Oleh:
Muh. Zulfajri Taswin
Pasar
Sumur Batu, Kecamatan Sumur Batu, Jakarta Pusat ini sudah ramai sejak subuh,
terutama di hari Minggu. Pengunjungnya pun datang dari berbagai strata sosial
dan tempat di Jakarta Pusat dan Jakarta Utara. Kendaraan dengan berbagai jenis
dan model berjejer rapi di parkiran. Mobil, motor, sepeda, bajaj setia menunggu
langganan, tukang ojek pun tak ketinggalan mencari penumpang.
Di
bagian depan pasar, tepat di pintu masuk utama, terdapat deretan penjual buah. Buah yang mereka jual beraneka ragam. Masuk ke
bagian tengah sebelah kiri, dihuni oleh pedagang sayuran yang menjajakan segala
jenis sayur, baik yang datang dari lokasi di sekitar Jakarta maupun dari tempat
yang lebih jauh, seperti Rancamaya di Bogor. Bagian belakang pasar sebelah
kanan terdapat kios penjual buah, toko beras dan barang kelontong. Lokasinya
terang, dengan warna cat yang cerah meski agak kusam.
Berbeda
dengan bagian tengah yang bersih dan teratur, bagian belakang pasar agak becek,
lembab dan bau. Mungkin, karena di bagian inilah sebagian besar penjual daging
menyatu. Bau selokan pasar yang mampet oleh sampah yang menumpuk menyatu dengan
bau keringat para pembeli dan penjual yang saling debat tentang kualitas
dagangan mereka.
Di
hampir tiap sudut pasar terdengar teriakan penjual yang menawarkan
dagangannya. Ini tentu saja
merupakan tindakan persuasif untuk
menarik konsumen datang. Interaksi yang terjadi antara penjual dan pembeli
berupa proses tawar-menawar, dan tidak jarang terjadi perdebatan panjang oleh
calon pembeli dan penjual demi mencapai kesepakatan harga.
Pukul
08.00 WIB, biasanya para pembeli sudah terlihat memenuhi seisi pasar. Pada
saat-saat seperti ini arus lalu lintas di sekitar pasar seringkali macet.

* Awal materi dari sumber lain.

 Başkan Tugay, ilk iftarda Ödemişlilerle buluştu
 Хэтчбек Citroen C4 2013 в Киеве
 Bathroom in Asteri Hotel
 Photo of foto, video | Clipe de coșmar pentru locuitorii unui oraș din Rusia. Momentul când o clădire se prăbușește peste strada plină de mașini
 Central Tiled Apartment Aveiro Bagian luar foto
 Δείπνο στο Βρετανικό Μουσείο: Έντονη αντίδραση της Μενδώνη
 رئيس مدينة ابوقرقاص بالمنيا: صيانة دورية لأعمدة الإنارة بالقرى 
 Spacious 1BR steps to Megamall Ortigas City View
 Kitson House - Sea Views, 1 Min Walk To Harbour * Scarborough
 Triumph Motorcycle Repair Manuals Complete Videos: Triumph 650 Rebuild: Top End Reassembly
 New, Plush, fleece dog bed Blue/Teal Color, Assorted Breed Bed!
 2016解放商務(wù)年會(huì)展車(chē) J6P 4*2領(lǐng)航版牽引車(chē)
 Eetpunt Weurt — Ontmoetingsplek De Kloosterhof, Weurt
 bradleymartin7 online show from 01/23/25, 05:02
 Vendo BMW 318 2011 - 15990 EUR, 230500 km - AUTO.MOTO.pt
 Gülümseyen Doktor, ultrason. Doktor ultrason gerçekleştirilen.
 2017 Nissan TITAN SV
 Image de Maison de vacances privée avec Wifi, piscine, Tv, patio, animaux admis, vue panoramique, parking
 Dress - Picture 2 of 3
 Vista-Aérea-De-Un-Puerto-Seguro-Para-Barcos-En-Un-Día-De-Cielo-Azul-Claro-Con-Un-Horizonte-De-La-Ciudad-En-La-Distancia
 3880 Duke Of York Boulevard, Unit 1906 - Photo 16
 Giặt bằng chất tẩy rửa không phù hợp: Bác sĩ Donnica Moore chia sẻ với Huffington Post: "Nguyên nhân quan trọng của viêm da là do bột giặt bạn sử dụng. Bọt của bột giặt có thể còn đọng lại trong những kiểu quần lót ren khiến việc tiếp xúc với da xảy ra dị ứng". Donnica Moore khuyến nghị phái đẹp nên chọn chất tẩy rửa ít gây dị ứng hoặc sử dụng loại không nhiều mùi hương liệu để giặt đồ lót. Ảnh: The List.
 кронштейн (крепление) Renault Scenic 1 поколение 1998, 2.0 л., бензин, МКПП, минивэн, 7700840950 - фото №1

Kemacetan tersebut disebabkan oleh kendaraan pengunjung dan lalu-lalang mobil pick-up
pengantar barang yang melintas berlawanan arah. Saat seperti inilah peranan
tukang parkir sangat berguna bagi ketertiban arus lalu lintas sekitar pasar.
Pada pukul 09.00 WIB, tingkat kepadatan pasar sedikit mereda. Terlihat beberapa
pembeli kesulitan mencari barang kebutuhannya karena barang yang diinginkannya
telah habis terjual.
Salah
satu sudut yang menarik untuk diamati adalah beberapa warung tenda yang cukup
ramai oleh pembeli. Letaknya berdampingan dengan tempat penampungan sampah.
Berbagai macam makanan dijajakan. Aromanya mengundang selera, meski sedikit dikaburkan
oleh bau menyengat dari tempat penampungan sampah. Namun, hal itu tidak
mengurangi nafsu makan pembelinya.
Menuju
pukul 11.00 WIB, pasar mulai sepi dan banyak kios yang tutup. Arus lalu lintas
di sekitar wilayah pasar pun mereda, karena jam masuk kerja telah terlewati.
Pembeli yang memadati pasar pun telah berkurang dan para penjual yang barang
dagangannya laku pulang dengan senyuman puas. Tukang pikul bergegas pulang ke rumahnya,
tak terkecuali tukang parkir.
Setelah
mengamati pasar tersebut, penulis dapat menyimpulkan bahwa dalam satu tempat
dapat berlangsung lebih dari satu interaksi. Menurut penulis, pasar tradisional
merupakan salah satu laboratorium hidup yang penuh dengan berbagai latar
belakang profesi, suku, agama, ras dan sebagainya. Tetapi memiliki satu
kesamaan tujuan yaitu melakukan aktivitas jual-beli. Interaksi juga terjadi di
sini, tawar-menawar adalah salah satunya.